A controvérsia reside na delimitação do alcance e interpretação dos termos do inciso X do art. 117, da Lei no 8.112, de 1990, em conjunto com o Código Civil nacional, especificamente a respeito do conceito de sociedade para o direito brasileiro.

Antes, porém, é preciso aduzir breve histórico de alterações das leis supracitadas para melhor entendimento da matéria.

O Código Civil revogado, Lei no 3.071, de 1o de janeiro de 1916, assim dispunha sobre as espécies de pessoas jurídicas de direito privado:

Art. 16. São pessoas jurídicas de direito privado:

I - as sociedades civis, religiosas, pias, morais, científicas ou literárias, as associações de utilidade pública e as fundações;

II - as sociedades mercantis;

III - os partidos políticos.”

Por não haver, na norma anterior, disciplina concreta que diferenciasse a natureza dessas duas espécies de pessoas jurídicas privadas, a doutrina e a jurisprudência passaram a entender que o termo “sociedades civis” representaria designação genérica que abrangia qualquer sociedade que se constituísse sob a égide das leis civis, em contraponto com as sociedades mercantis que seriam regidas pelas leis comerciais.

É neste cenário que foi aprovada a redação original do Estatuto dos Servidores Civis da União, que, no rol das proibições impostas aos agentes públicos assim dispôs no inciso X do art. 117, assim dispunha:

Art. 117. Ao servidor é proibido:

(...)

X - participar de gerência ou administração de empresa privada, de sociedade civil, ou exercer o comércio, exceto na qualidade de acionista, cotista ou comanditário” Grifamos.

Em seguida, a Medida Provisória no 2.225-45, de 2001, deu ao inciso a seguinte redação:

X- participar de gerência ou administração de empresa privada, sociedade civil, salvo a participação nos conselhos de administração e fiscal de empresas ou entidades em que a União detenha, direta ou indiretamente, participação do capital social, sendo-lhe vedado exercer o comércio, exceto na qualidade de acionista, cotista ou comanditário.” Grifamos.

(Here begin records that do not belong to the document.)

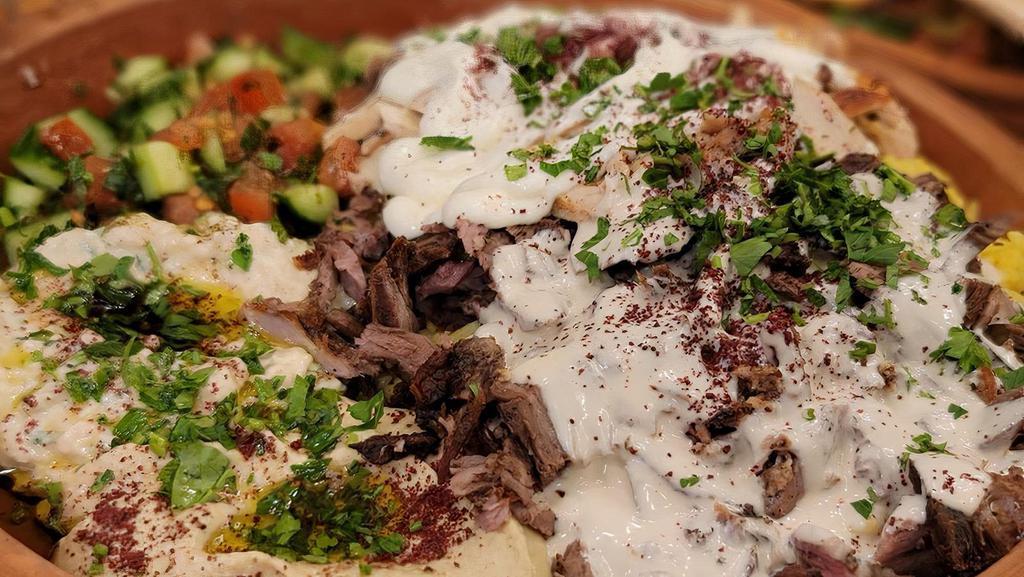 Beef Shawarma · Served as a sandwich or a platter.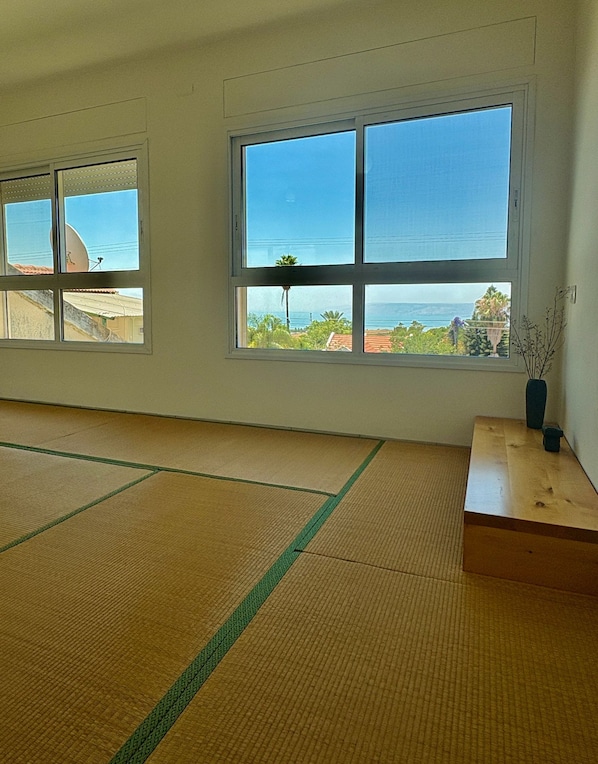 A room with tatami mats, large windows with a view of the sea, and a wooden table with a vase.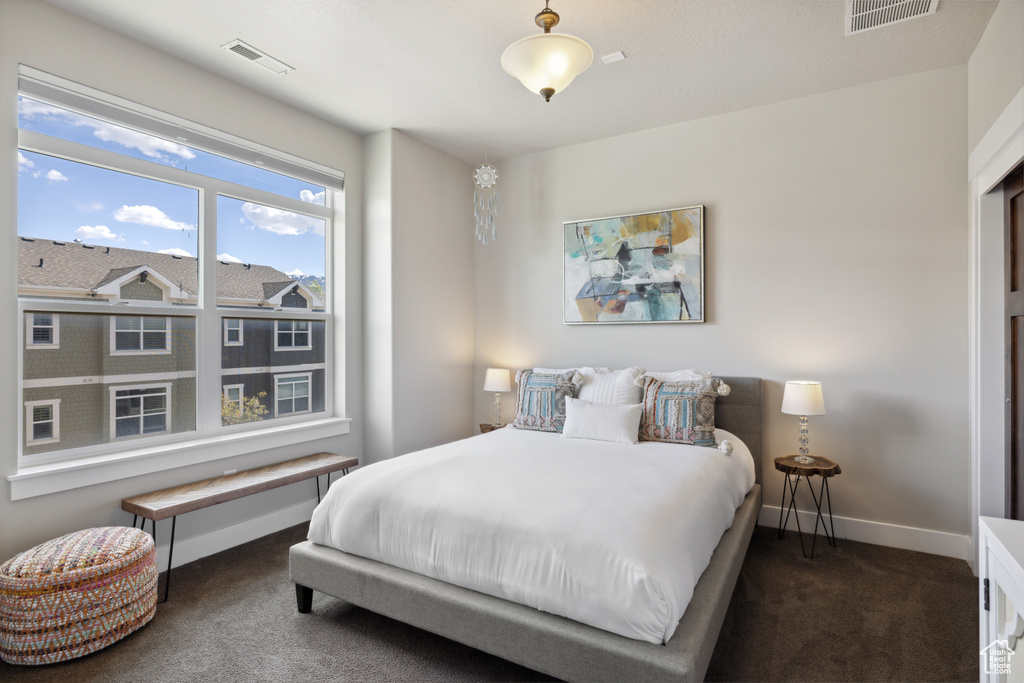 Bedroom featuring carpet floors and baseboards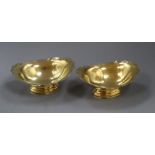 A pair of modern silver gilt oval pedestal dishes, Birmingham, 1970, 16cm, 9 oz.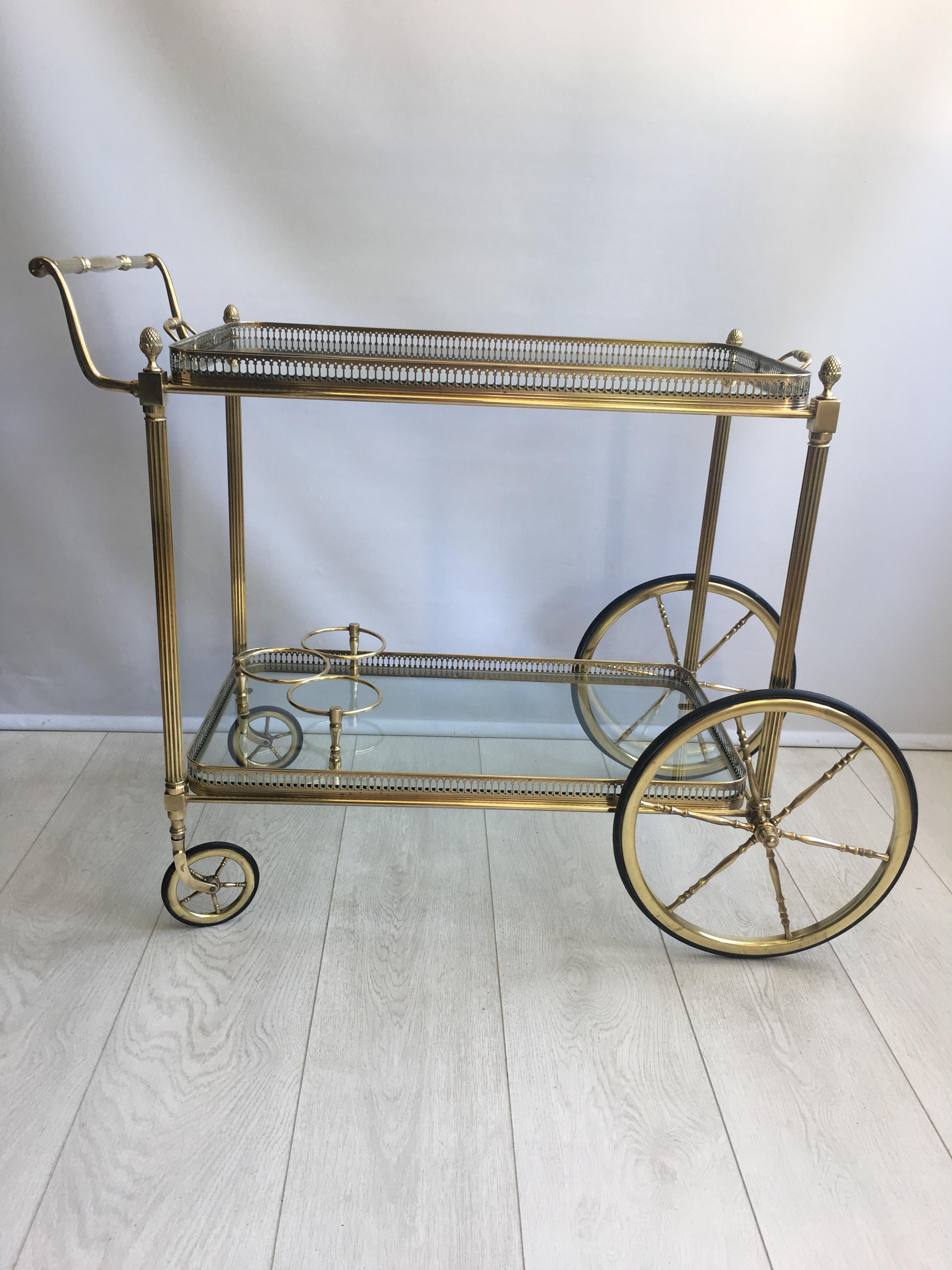 Classic French brass drinks trolley, circa 1950.

Great quality with polished brass frame and bottle holder to lower tier

Lift off tray measures 62.5 cm wide, 36.5 cm deep and stands 62 cm to glass.
Overall dims 85 cm wide, 48 cm deep and 71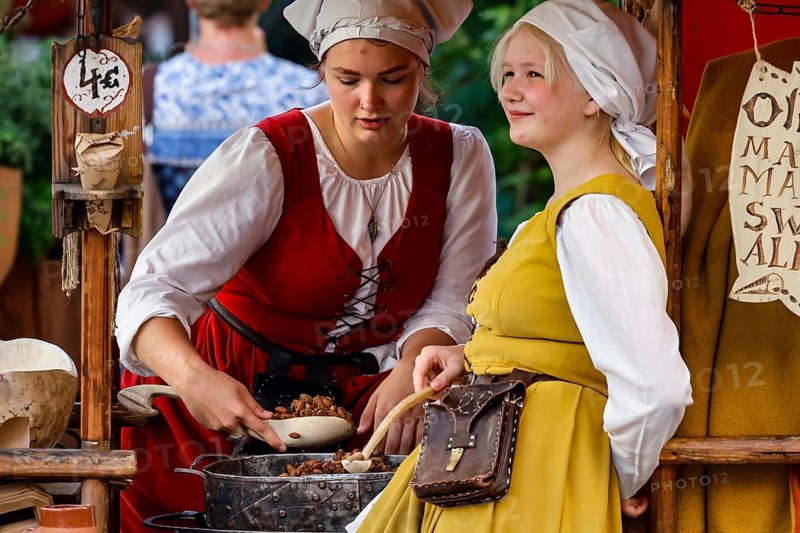 Saleswomen in traditional costumes serve customers at a medieval market, Tallinn, Harju, Estonia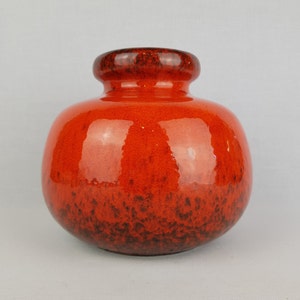 Puede incluir: Un jarrón redondo de cerámica naranja con un esmalte marrón oscuro en la parte inferior. El jarrón tiene un acabado brillante.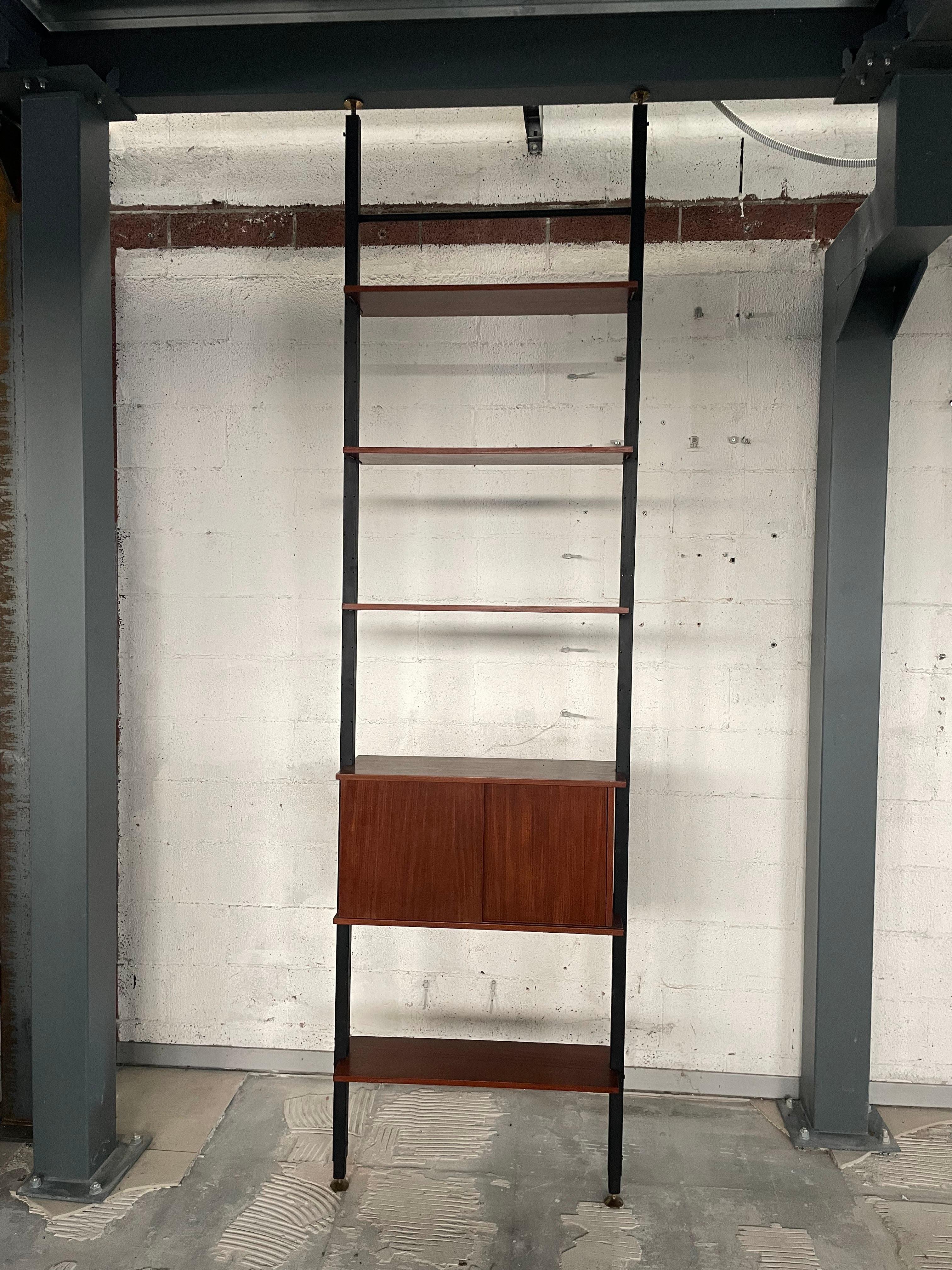 Sky-to-ground bookcase from the 1960s with one bay and consisting of shelves plus a storage compartment.

All elements can be freely placed on the structure consisting of two iron uprights and brass braces.

All wooden parts are made of teak.

Also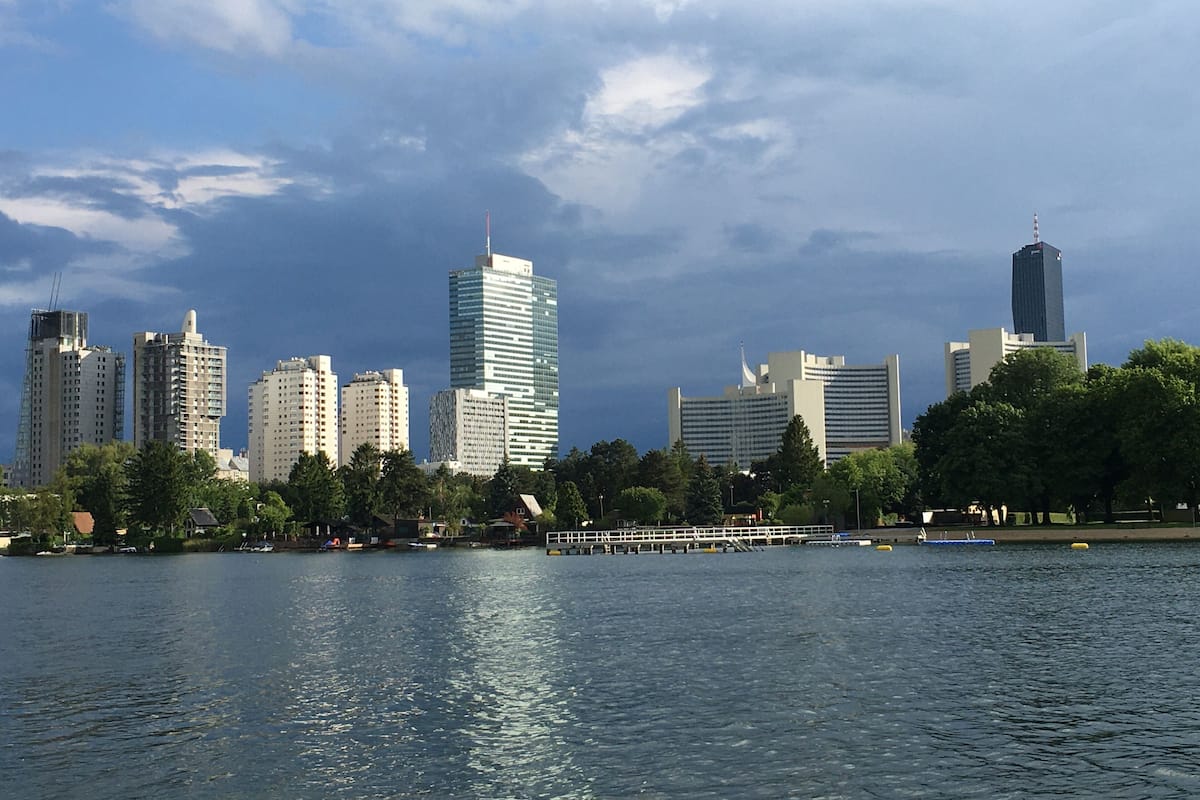 Une vue sur les toits d’une ville, avec des immeubles modernes et des gratte-ciel, et une étendue d’eau au premier plan.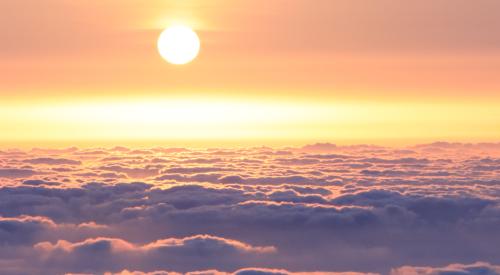 Sunrise over clouds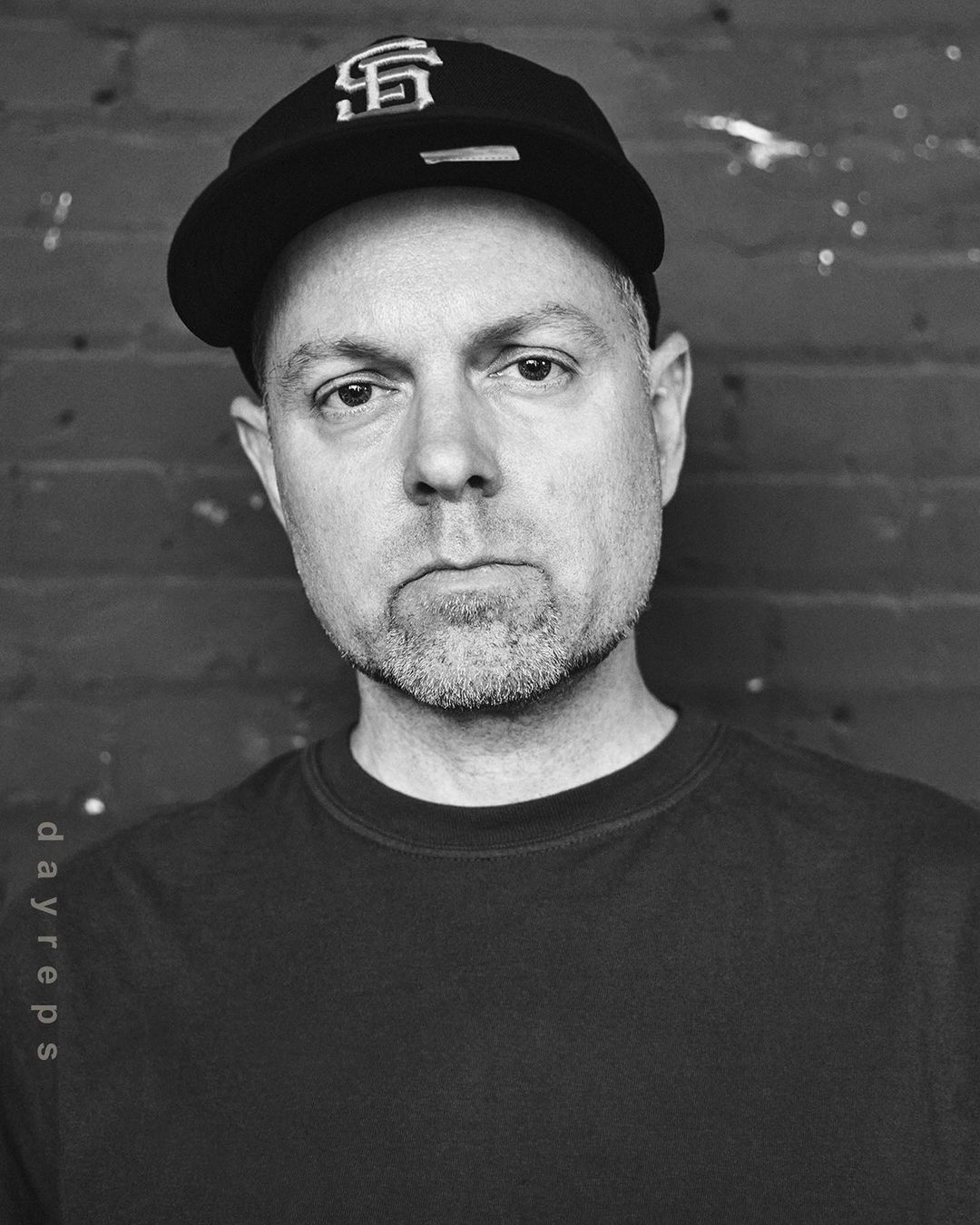 Headshot of an adult male wearing a baseball cap with the SF logo, black t-shirt, and a short beard, posing indoors against a brick wall.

Ocorre que, com a edição do Novo Código Civil, Lei no 10.406, de 10 de janeiro de 2002, ficou bem delineada a natureza jurídica de cada ente privado, sejam associações, sociedades ou fundações, o que pode ser comprovado com a redação dos seguintes dispositivos:

Art. 44. São pessoas jurídicas de direito privado:

I - as associações;

II - as sociedades;

III - as fundações.

IV - as organizações religiosas;

V - os partidos políticos”

Art. 53. Constituem-se as associações pela união de pessoas que se organizem para fins não econômicos.”

Art. 981. Celebram contrato de sociedade as pessoas que reciprocamente se obrigam a contribuir, com bens ou serviços, para o exercício de atividade econômica e a partilha, entre si, dos resultados.” Grifamos.

Diante do novo diploma civilista ficou assentado que as sociedades, por natureza, devem ser entidades com fins econômicos, não mais se admitindo a interpretação de que estas poderiam se constituir para a persecução das mais variadas finalidades, inclusive como pessoa jurídica sem fins econômicos.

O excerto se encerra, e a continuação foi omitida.